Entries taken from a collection
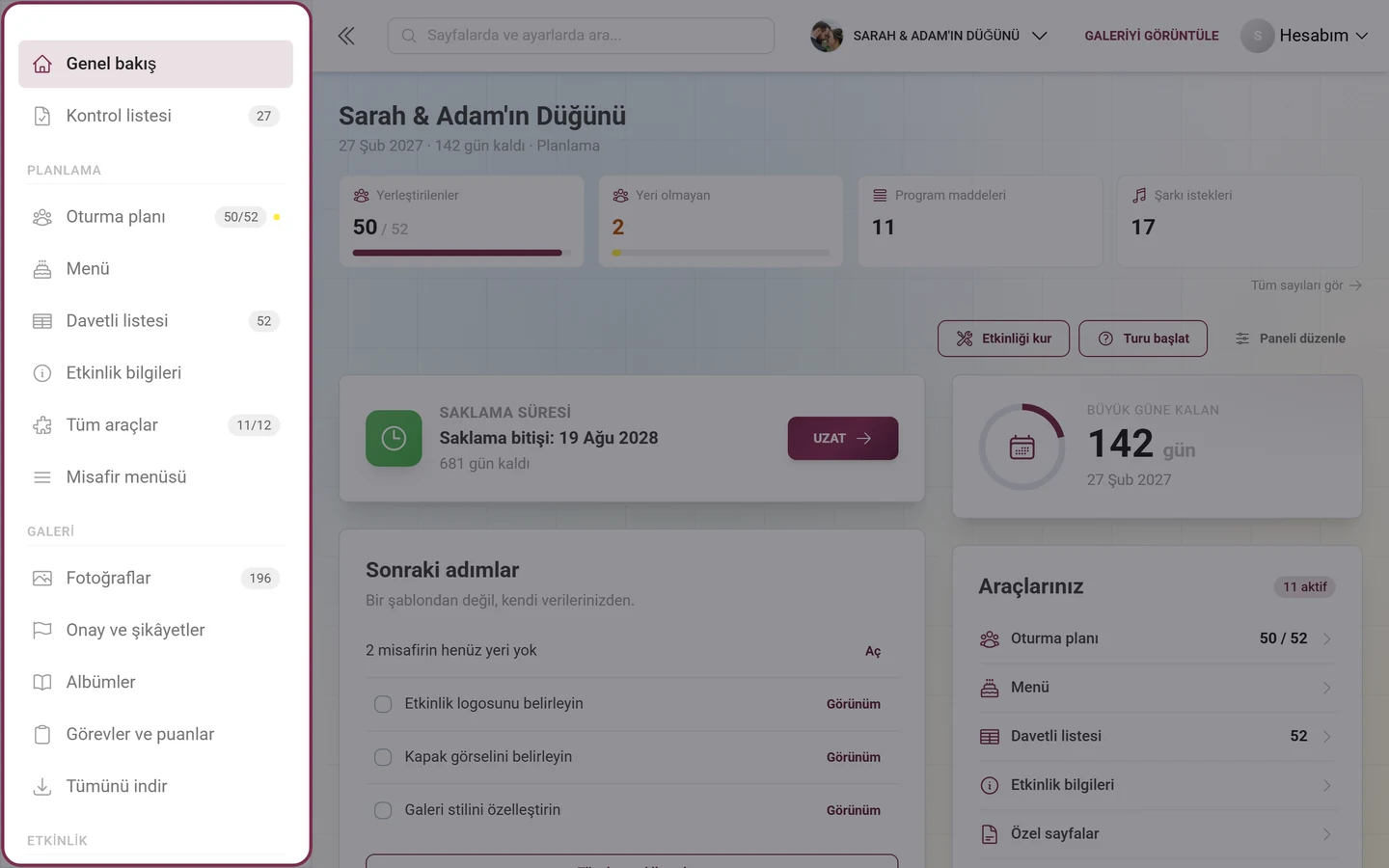 Planlama grubu, etkin araçlar ve Tüm araçlar öğesiyle yönetim alanının kenar çubuğu
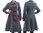 Artsy bell shaped coat boiled wool with bows, blue-grey S-M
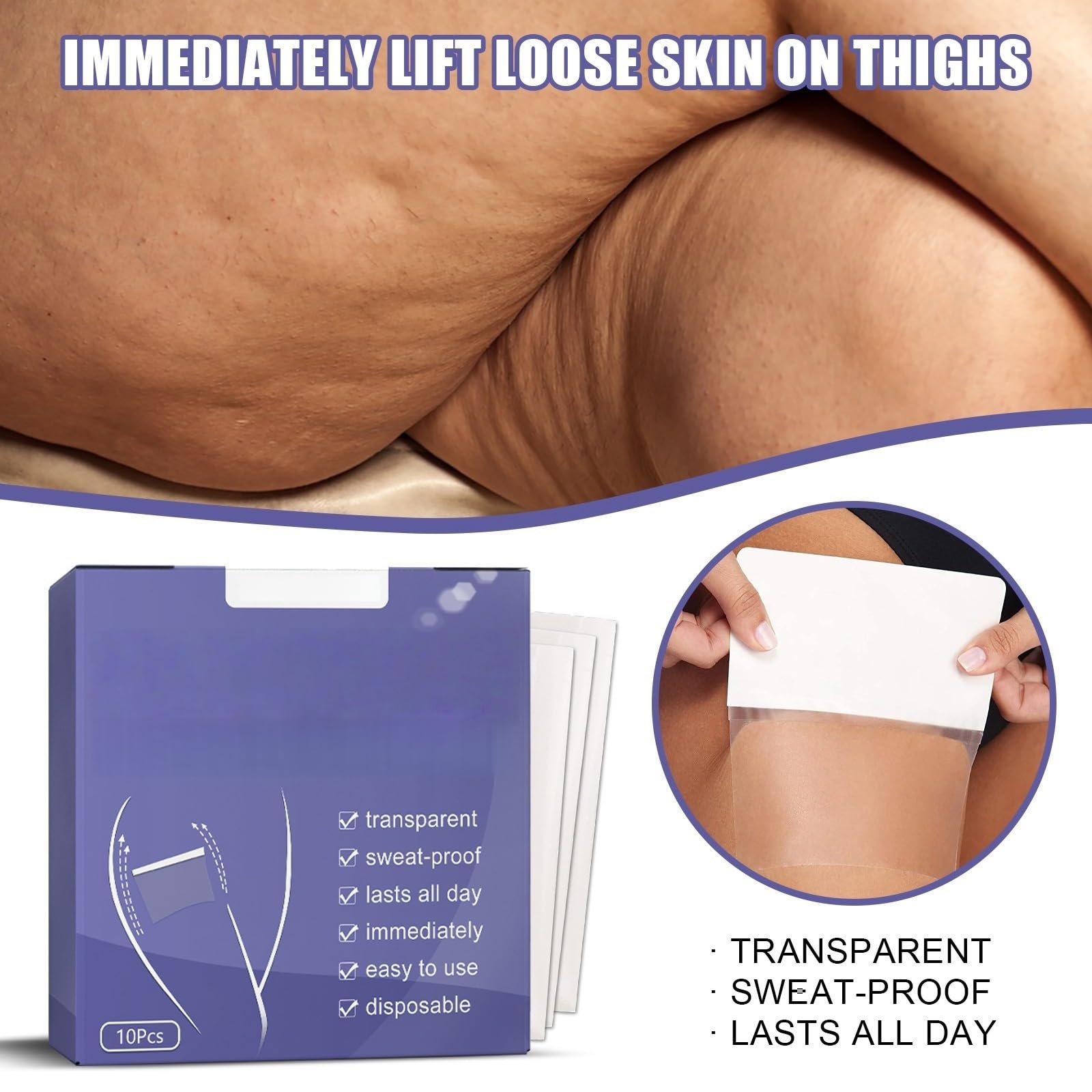 30 Stück Tape zur Oberschenkelstraffung,Instant Thigh Lifting Tape,Transparente Klebestreifen Oberschenkelstraffungen,Unsichtbare Beinstraffungs Aufkleber,Straffungs-Oberschenkel-Patches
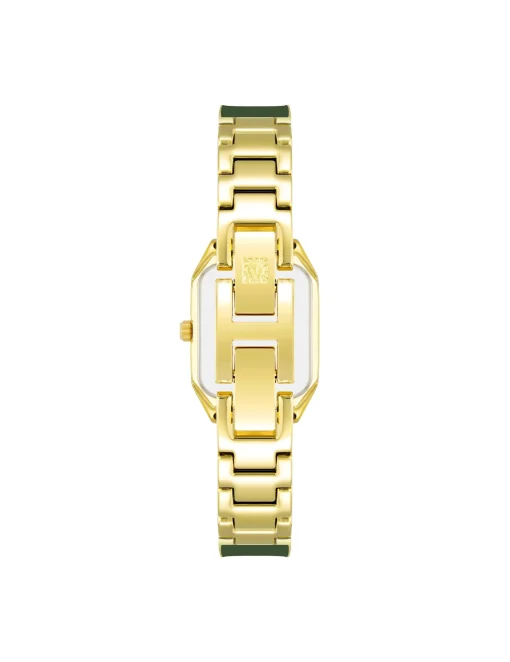 Shop Anne Klein Elegant Bangle Bracelet Watch Green/ Gold Tone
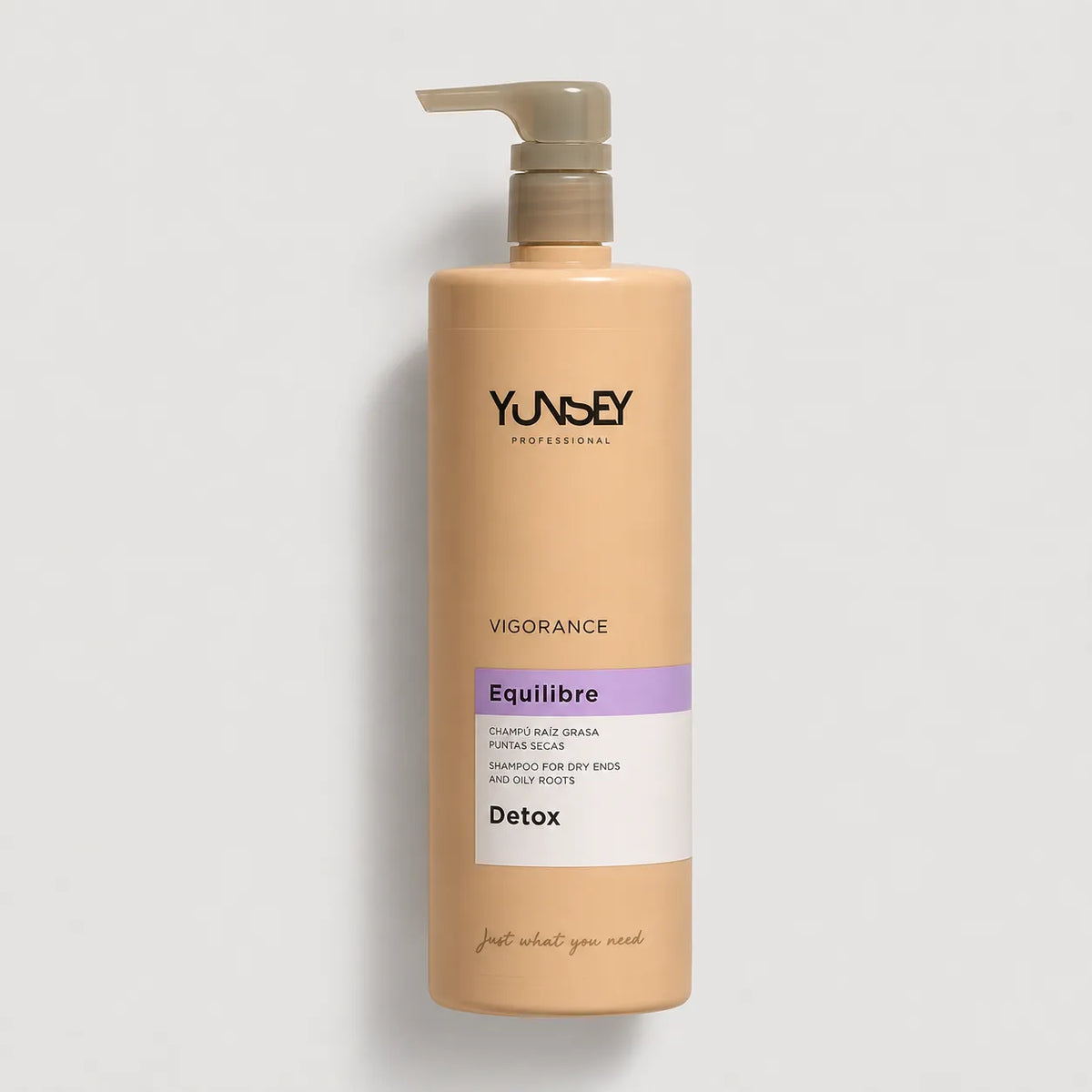 Champú Equilibre Detox Vigorance de Yunsey Professional para raíces grasas y puntas secas, en formato de 1000 ml.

» The task
Set down, word for word, only the lines running from the line with "Artsy bell shaped" through the final line of the entries above, omitting all pictures.

» Solution for this problem
 Artsy bell shaped coat boiled wool with bows, blue-grey S-M
 30 Stück Tape zur Oberschenkelstraffung,Instant Thigh Lifting Tape,Transparente Klebestreifen Oberschenkelstraffungen,Unsichtbare Beinstraffungs Aufkleber,Straffungs-Oberschenkel-Patches
 Shop Anne Klein Elegant Bangle Bracelet Watch Green/ Gold Tone
 Champú Equilibre Detox Vigorance de Yunsey Professional para raíces grasas y puntas secas, en formato de 1000 ml.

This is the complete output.